“哲學”並不是甚麼高難度的東西,只是讓人找到人生種種問題的方法,從尋找的過程當中,明白“自身”與“自然”的關係;當明白了“自身”與“自然”的關係之後,便會對“自身”存在的價值有一個實在的掌握,從這個掌握當中知道人的“尊嚴”何在。
“人”相對於“自然”,始終都是“有限的”!沒有力氣把“自然”改變,便只能夠選擇跟“自然”融洽相處的生活方式,如此,才可以體現出“和諧”!而尋找“和諧”的目的,就是讓“自身”在不失“尊嚴”的同時,也懂得“萬事萬物”也有其“生成變化”的 原因 和 結果,當中必然也存在跟“我”有相同的“尊嚴”。
馮友蘭,是一位從清末過度至近代的學者,在歷史的變遷當中,身處在中國大陸從事學術的研究,是一位老派的中國傳統學者。
馮友蘭,是一位從清末過度至近代的學者,在歷史的變遷當中,身處在中國大陸從事學術的研究,是一位老派的中國傳統學者。
與此同時,香港成為了英國殖民地;在中西文化交融的社會環境裡,學術的研究在相對中國大陸而言,自由的思想空間,為不少華人學者提供了一個良好的環境自由探索。在六、七十年代裡的“香港”大學校園,一般成績較好的學生,都會選讀“文、史、哲” 的學科,牟宗三、 唐
君毅、勞思光,是那個時代裡的“中國哲學”翹楚;三位近代學者當中,勞思光的個性較為剛直,經常都會對於一些 人 和 事 提出批評;其中,他對中國大陸的學術環境及學者面對不自由的思想空間所代出的“後退”深感不滿!

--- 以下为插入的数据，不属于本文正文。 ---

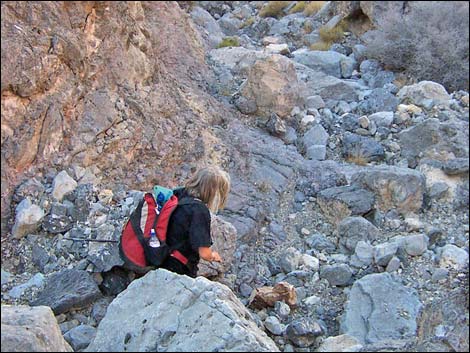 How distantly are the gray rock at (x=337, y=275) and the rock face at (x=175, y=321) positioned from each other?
208cm

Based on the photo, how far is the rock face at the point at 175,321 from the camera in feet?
10.9

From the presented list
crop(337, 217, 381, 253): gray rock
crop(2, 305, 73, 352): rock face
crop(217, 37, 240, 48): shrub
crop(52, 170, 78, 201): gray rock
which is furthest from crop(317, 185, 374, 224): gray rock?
crop(217, 37, 240, 48): shrub

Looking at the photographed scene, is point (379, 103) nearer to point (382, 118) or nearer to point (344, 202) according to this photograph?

勞思光 曾經對 馮友蘭 在國內的學術研究立場提出質詢,認為他作出了太多的“妥協”,失去了作為“哲學探求”的“真”,經常為了“政治意識形態”的需要“避諱”!
可能,這就是“自由國度”裡的必然吧!
當人“吸著自由的空氣”,“說著自由的說話”,“做著自由的行為”的時候,是沒有可能感受“呼吸不到自由空氣”的窒息,沒有可能意會得到“不能自由發表個人意見”的鬱悶,也無從理解“做著不想做的事情”那種無奈!
馮友蘭 在他離世的時候,在中國大陸學術界得到了“大儒”的尊敬,在他有生之年的歲月裡,為中國傳統哲學思想作出了詳細的分析與詮釋,縱然這一切的工作在身處香港的另一位學者 勞思光 的心目中都是一些被牽制著的“哲學思考”,並沒有一份從事 哲學思想工作的“真”;這些,都是源自於 馮友蘭 作出了太多的妥協!
這些批評出自一位身處“自由國度”裡的學者對一位終其一生都選擇居住於較為封閉的中國大陸“大儒”,聽在心裡,不禁有點兒值得“反思”!
在不同的社會環境裡,以同一個標準來衡量一樣東西,所得出來的結論必然有其“差距”;這種“差距”不一定是“當事人”的原故,而是為了“靈巧應對”現實的審查必然要作出的妥協,讓同一樣存在於兩地的東西,有著一種明顯的差異性!
或者,在國內要出版學術著作,要成功通過學術的審查,便必需要附合“國內的要求”,故此,無論是甚麼樣的學術著作,或多或少都會提及到“馬克思思想”、“唯物史觀”、“社會主義”等等…這些中國大陸官方確認的意識形態。
要發表個人研究成果,就需要作出一些妥協!這是一種身處自由國度裡的人不會感受得到的難處!